◆ **Task prompt**:
Determine how many lines of this material contain "Clear". Give only the number.

◆ **Records**:
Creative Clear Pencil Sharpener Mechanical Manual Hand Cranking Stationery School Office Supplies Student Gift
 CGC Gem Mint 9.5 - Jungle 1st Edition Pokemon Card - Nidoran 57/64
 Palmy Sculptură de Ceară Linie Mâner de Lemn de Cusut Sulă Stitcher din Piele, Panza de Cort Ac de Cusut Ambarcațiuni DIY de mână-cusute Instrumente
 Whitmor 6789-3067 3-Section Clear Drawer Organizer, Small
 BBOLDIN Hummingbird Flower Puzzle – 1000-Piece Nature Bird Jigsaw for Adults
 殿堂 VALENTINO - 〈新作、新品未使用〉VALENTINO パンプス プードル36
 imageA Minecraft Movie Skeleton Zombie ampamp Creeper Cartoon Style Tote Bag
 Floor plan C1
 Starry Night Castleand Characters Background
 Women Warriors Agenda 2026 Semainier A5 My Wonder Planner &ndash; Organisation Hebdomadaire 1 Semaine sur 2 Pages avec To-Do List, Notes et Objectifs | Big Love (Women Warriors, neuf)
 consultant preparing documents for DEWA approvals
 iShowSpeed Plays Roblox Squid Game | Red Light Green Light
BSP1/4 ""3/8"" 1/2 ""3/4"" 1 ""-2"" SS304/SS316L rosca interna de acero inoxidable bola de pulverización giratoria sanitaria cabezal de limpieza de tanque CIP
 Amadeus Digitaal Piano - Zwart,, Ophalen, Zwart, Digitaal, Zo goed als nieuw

◆ **Exercise response**:
2